Kryzysy finansowe i niepewna przyszłość – wedle uczonych – sprawiły, że obecnie młodzi Niemcy nie są tak rewolucyjni jak niegdyś byli ich rodzice. Zdecydowana większość nastolatków podziela podobne wartości, sytuując się tym samym w tzw. mainstreamie. Obecne pokolenie na tle poprzedniej generacji wyróżnia się „niezwykłą tolerancją”.
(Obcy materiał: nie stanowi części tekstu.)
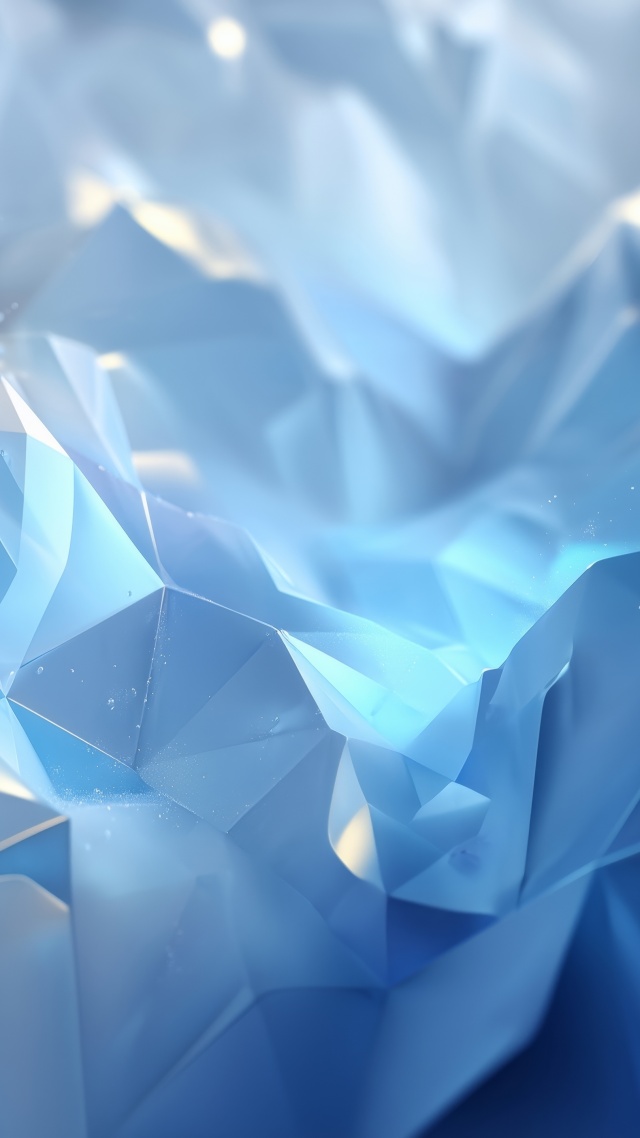 winter patterns wallpaper, cold color palette, crystalline shapes, background for mobile wallpaper (vertical)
„Obecnie większość młodych ludzi w wieku od 14 do 17 lat chce być jak wszyscy inni” – napisali w sprawozdaniu twórcy badań Sinus-Instituts, określającego wartości młodzieży niemieckiej.
Wesprzyj nas już teraz!
Podkreślono, że obraz tej młodzieży zasadniczo odbiega od tradycyjnego już wizerunku buntowniczych młodych Niemców z minionych dekad, którzy mieli tendencję do tworzenia odrębnych subkultur. Subkultury np. hipisów czy punków miały istotny wpływ na ukształtowanie się krajobrazu społecznego i politycznego za naszą zachodnią granicą. Teraz jednak subkultury prawie nie istnieją.
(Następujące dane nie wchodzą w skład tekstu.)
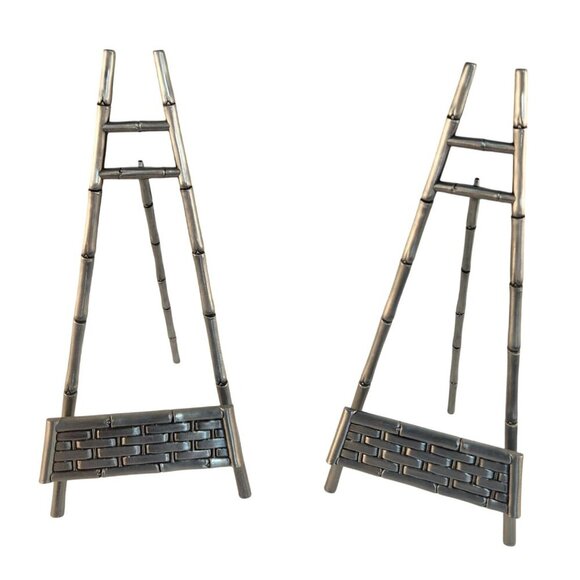 2 Small Metal Easel With Bamboo-Style Design & Brick Base For Display Or Art - Picture 1 of 8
Naukowcy niemieccy zasugerowali, że czynniki zewnętrzne, takie jak zmagania gospodarcze, ataki terrorystyczne i coraz bardziej niepewne sytuacja w zglobalizowanym świecie – uformowały młodych w jednolitą masę.
– To jest niebuntownicze pokolenie, którego najwyższym celem jest odpowiednie zsocjalizowanie – tłumaczy Klaus Hurrelmann, ostrzegając przed społeczeństwem „konformistów ze strachu”. Ci młodzi ludzie nie odczuwają potrzeby odróżnienia się od innych nastolatków poprzez chociażby noszenie innych ubrań, słuchanie różnej muzyki.
– Mamy pierwszą generację rodziców i dzieci słuchających tej samej muzyki, matek i córek czytających te same blogi modowe – zauważył Marc Calmbach, który prowadził badanie.
Uczeni pośród niemal jednolitej masy młodzieży niemieckiej wydzielili cztery nieznacznie różniące się grupy: „konserwatystów”, „pragmatyków”, „zielonych” i „hedonistów”. Dodali jednak, że różnice między nimi są minimalne i tak naprawdę łączą ich wspólne wartości.
Podobny efekt obserwowano wśród młodych ludzi tuż po II wojnie światowej. Dopiero w 1968 r. pojawiło się zbuntowane pokolenie, które „rzuciło wyzwanie konserwatywnemu porządkowi społecznemu”.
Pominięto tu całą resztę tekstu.